Nasib Rupiah Saat Euro Nyaris Bubar
A Tony Prasetiantono, KEPALA PUSAT STUDI EKONOMI DAN KEBIJAKAN PUBLIK UGM, YOGYAKARTA
Sumber : KOMPAS, 5 Desember 2011
Pekan-pekan ini rupiah tertekan. Padahal, beberapa bulan yang lalu kita terkagum dengan kurs rupiah yang mendekati Rp 8.500 per dollar AS sehingga sempat mengira bakal menembus Rp 8.000 per dollar AS. Kini, wacana tersebut harus dihentikan. Rupiah kini melemah ke level Rp 9.100-an per dollar AS.
Mengapa rupiah melemah? Jawabannya adalah kekhawatiran terhadap masa depan euro yang kian kusut. Ketika Eropa panik, investor global cenderung mengalihkan portofolionya ke dollar AS. Ibarat terjadi gempa bumi, orang biasanya akan mencari selamat dengan cara berlindung atau memeluk tiang terbesar (saka guru) di ruang tersebut. Dalam konteks ekonomi, saka guru itu adalah perekonomian AS, yang direpresentasikan dengan dollar AS.
Mengapa investor global tidak memegang yuan, padahal perekonomian China kini sangat kuat? Pertama, meski juga terkena krisis, kekuatan ekonomi AS tetaplah yang terbesar di dunia, sebagaimana ditunjukkan oleh produk domestik brutonya yang sebesar 14,7 triliun dollar AS. China berada di urutan kedua dengan 5,8 triliun dollar AS dan Jepang di urutan ketiga dengan 5,6 triliun dollar AS.
Kedua, Pemerintah China tidak mau internasionalisasi yuan.
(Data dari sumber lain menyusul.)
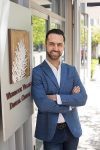 Dr. Siavash Arvan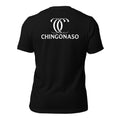 CCC White Unisex T-Shirt
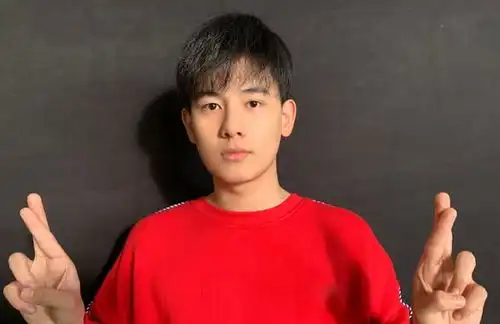 胡先煦出演快把我哥带走2搭档实力小花,将成下个彭昱畅
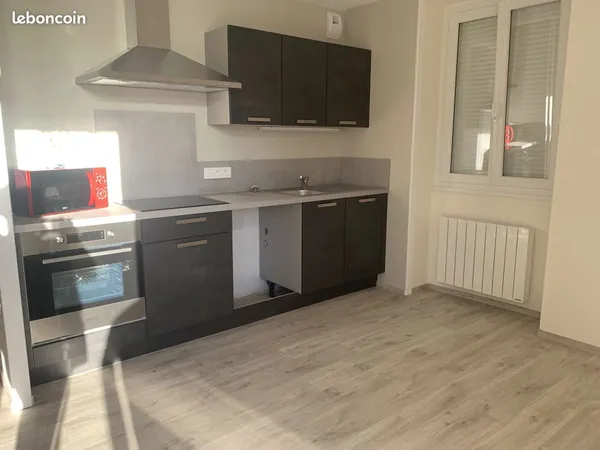 Appartement T3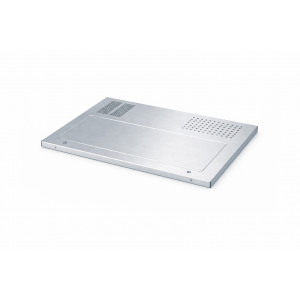 Крышка корпуса для СВЧ A110D46D0BQP (Z24)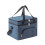 Outdoor Double-Layer Storage Bag for Camping and Picnics 1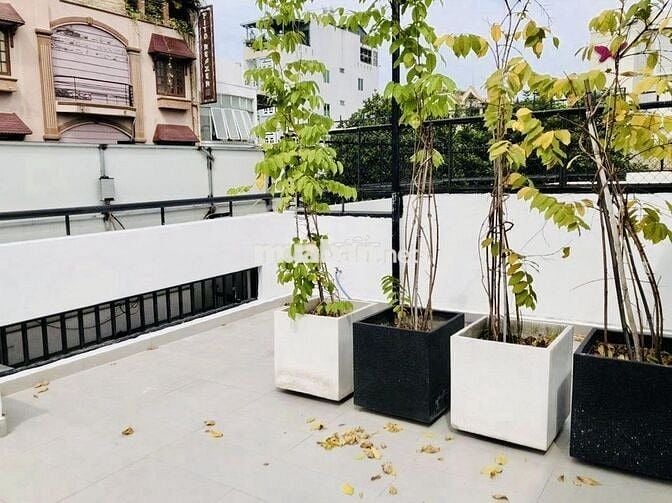 🏠 Ngang 10M nhà mới mặt tiền Hoàng Dư Khương - Gần Bên Vạn Hạnh Mall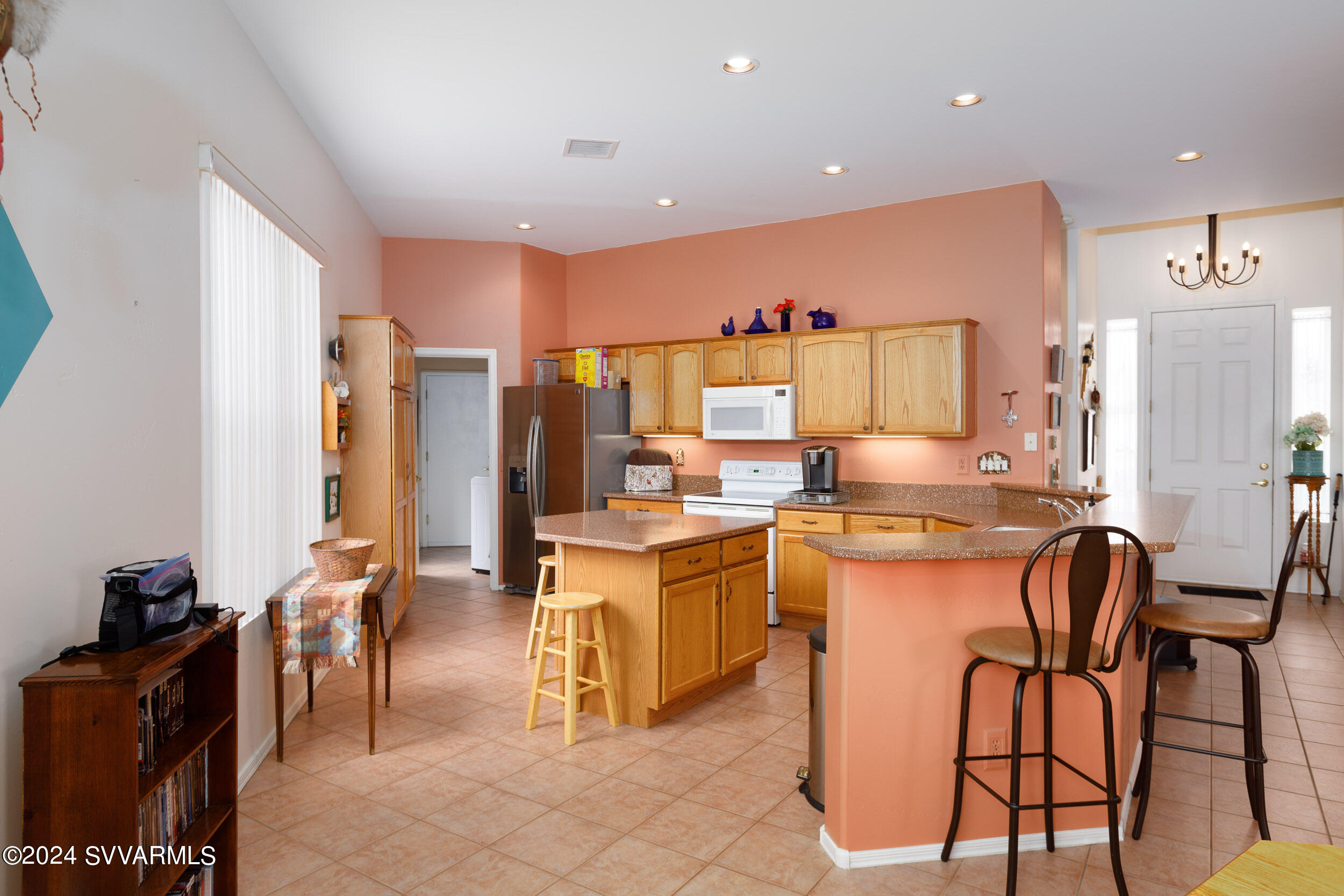 515 S Camino De Encanto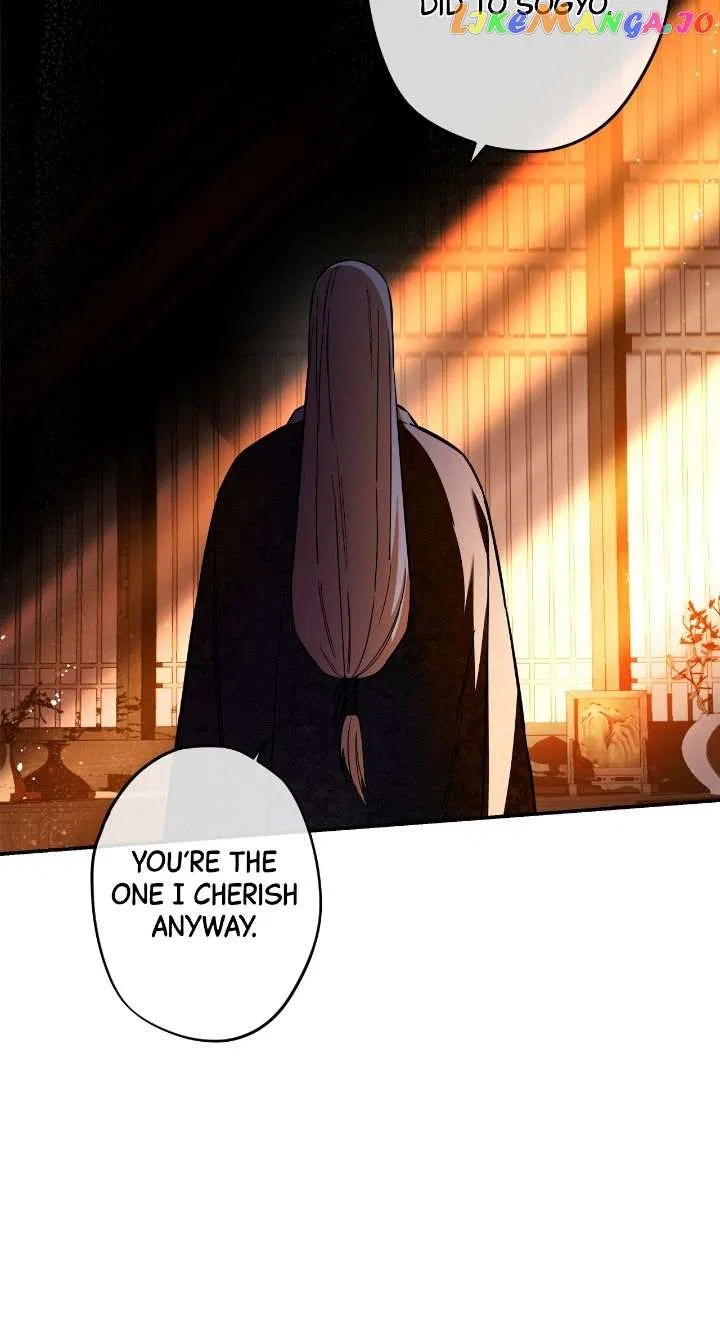 Cradle of Heaven Chapter 92 – Page 36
Tujuannya, China dapat menjalankan kebijakan moneternya dengan efektif. Jika yuan dipakai di seluruh dunia secara massal, kursnya akan ditentukan oleh mekanisme pasar (tarik-menarik antara penawaran dan permintaan). Karena perekonomian China bagus, berdasarkan pasar, kurs yuan akan menguat secara drastis. Mereka lebih suka yuan yang lemah agar dapat mendorong ekspor.
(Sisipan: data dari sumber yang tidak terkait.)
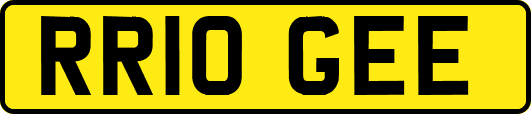 RR10GEE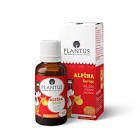 Plantus Alpina Şurup 100 ml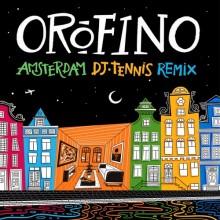Orofino - Amsterdam (Life And Death)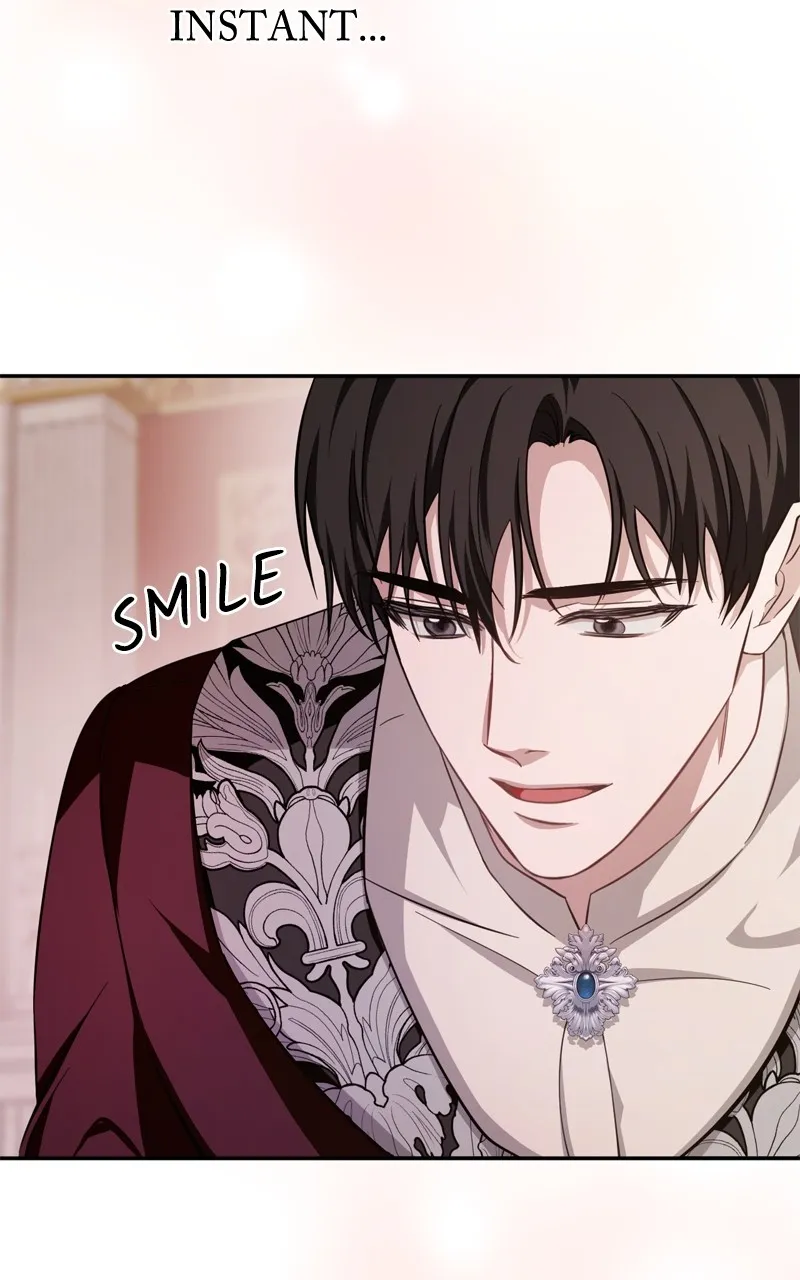 Behind Her Highness’s Smile Chapter 18 page 61 - 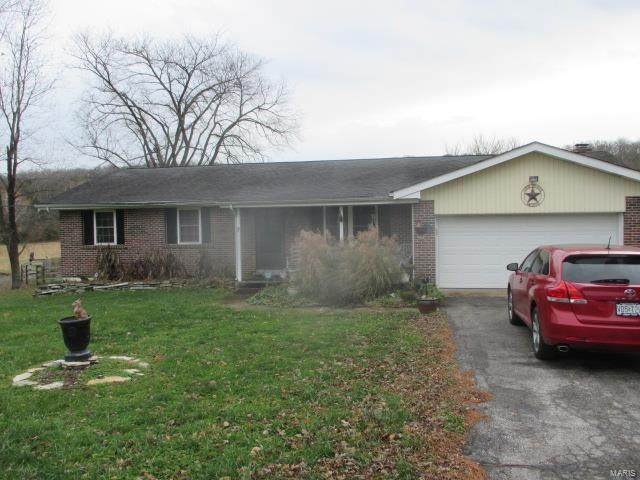 9246 Jones Creek Road - Photo 1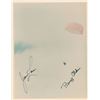 Image 1 : Gemini 12 Signed Photograph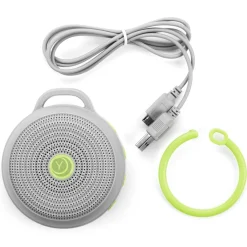 Yogasleep Hushh Continuous White Noise Machine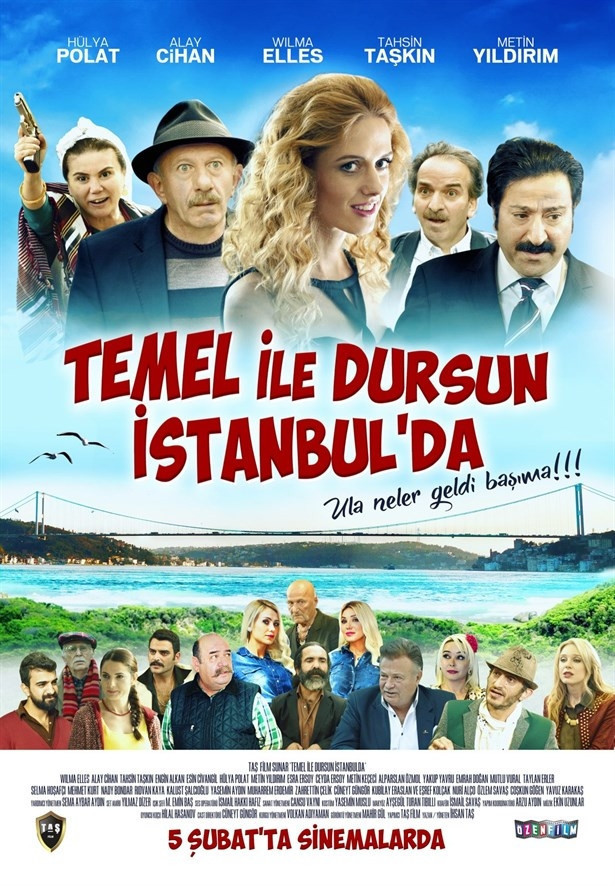 Bu Hafta Vizyona Giren Filmler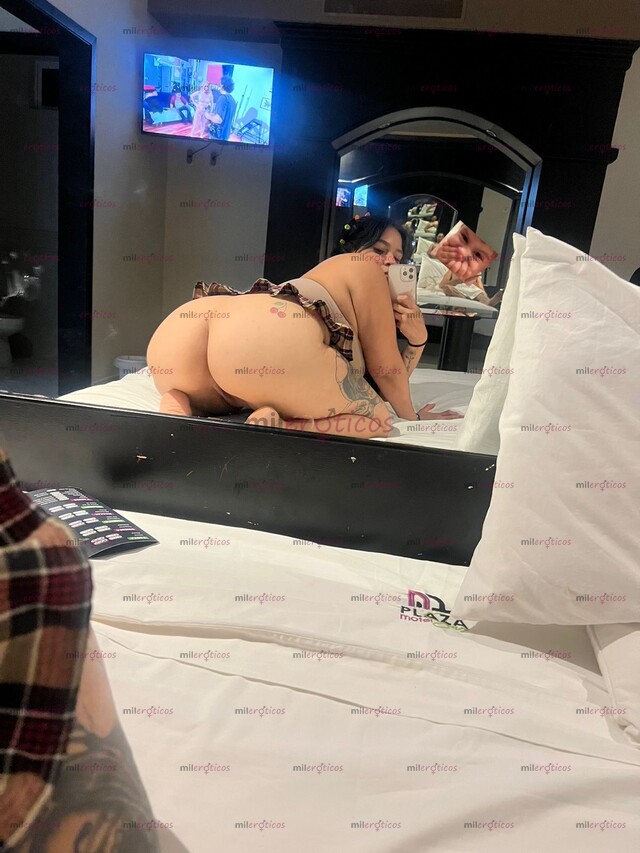 FOTOS DE ALISSON INDEPENDIENTE Y CALIENTE PRUÉBAME TE ENCANTARÁ LO QUE HARÉ POR TI DISPO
Lalu, sampai kapan kepanikan ini akan berlanjut? Setelah Paul Krugman meragukan masa depan euro melalui beberapa kolomnya (yang terbaru, ”Killing the Euro”, The New York Times, 1/12/2011), tajuk The Economist (”Is This Really the End?”, 26/11/2011) juga mengungkapkan kerisauan yang sama. Sangat mungkin euro bubar.
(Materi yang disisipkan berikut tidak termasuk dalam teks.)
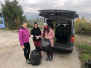 Eko-akcia v lokalite Suchý vrch 24.10.2020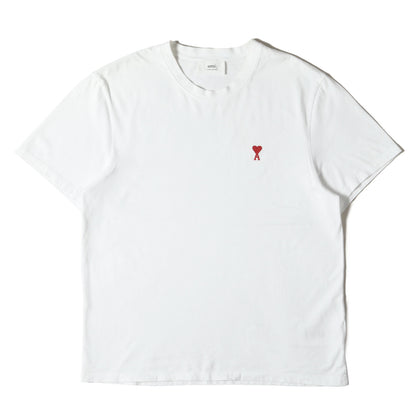 現行モデル Ami de Coeur Tシャツ (BFUTS001.724)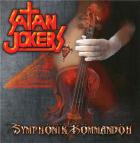 Symphönik kömmandöh | Satan jokers. Musicien
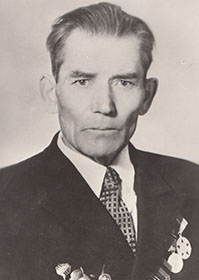 Ознобихин Иван Павлович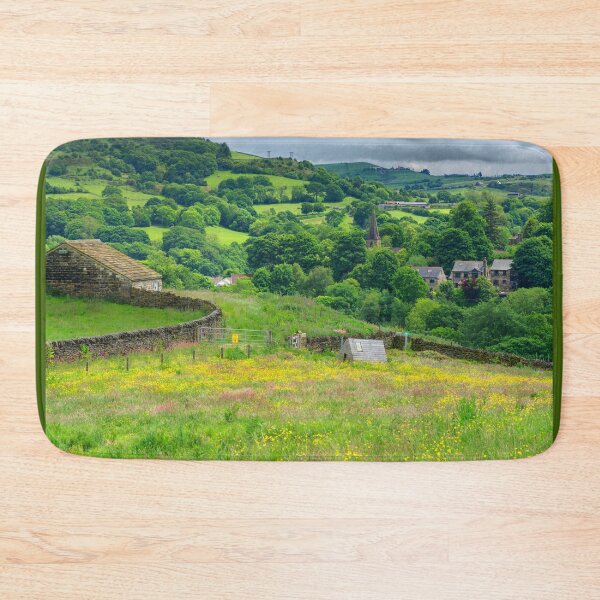 Item preview, Hepworth Holme Valley  designed and sold by Alisonchambers2.
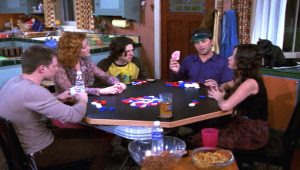 Sabrina, l'apprentie sorcière Saison 6 Episode 22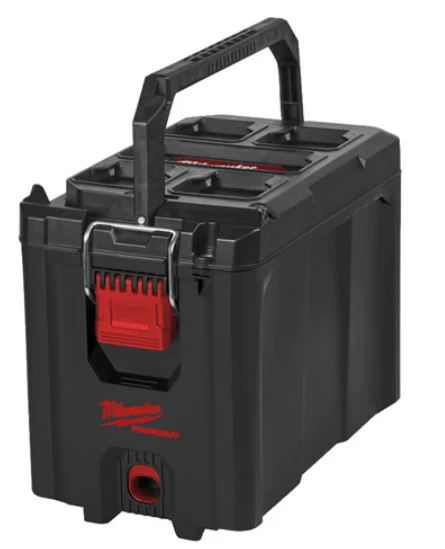 Milwaukee - PACKOUT Compact Organiser Erste - Hilfe- Kit (4932478879) 20 Milwaukee - PACKOUT Compact Organiser Erste - Hilfe- Kit (4932478879) – Bild 20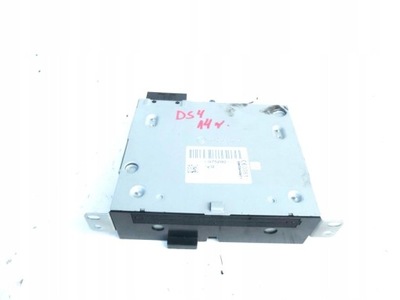 RADIO CD CITROEN DS4 2011-2015R 9807520080  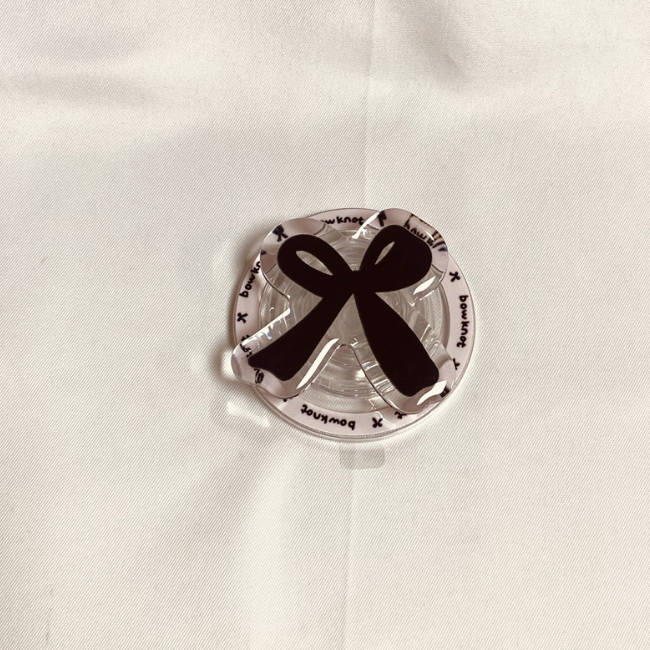 Magnetic PopStand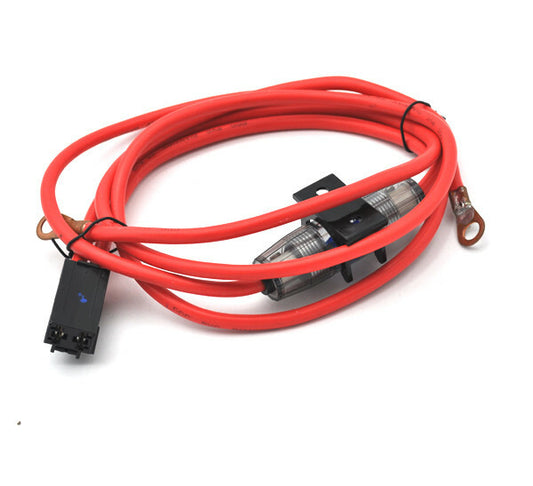 retrofit power cable For F10 F01 F25 F15 F30 Harman Kardon Logic 7 HIFI v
The Economist meramalkan, kalau sampai ada bank besar yang kolaps, lalu negara euro perlu lebih banyak lelang obligasi pemerintah, itu bisa memicu kehancuran euro. Salah satu tes penting jangka pendek adalah pada akhir Januari 2012 Italia memerlukan dana di atas 30 miliar euro untuk membayar utang yang jatuh tempo. Jika sampai Bank Sentral Eropa (ECB) tidak membantu menalangi, pasar surat berharga global akan panik.
Masalah peliknya adalah negara-negara yang terkena krisis memerlukan dana talangan besar dari ECB. Namun, ECB menolak untuk dijadikan pihak terakhir yang harus menalangi (lender of last resort). Jika bukan ECB, siapa yang harus membantu? Pemerintah China menegaskan tidak mau menggunakan cadangan devisanya—kini 3,2 triliun dollar AS, terbesar di dunia—untuk menolong Eropa.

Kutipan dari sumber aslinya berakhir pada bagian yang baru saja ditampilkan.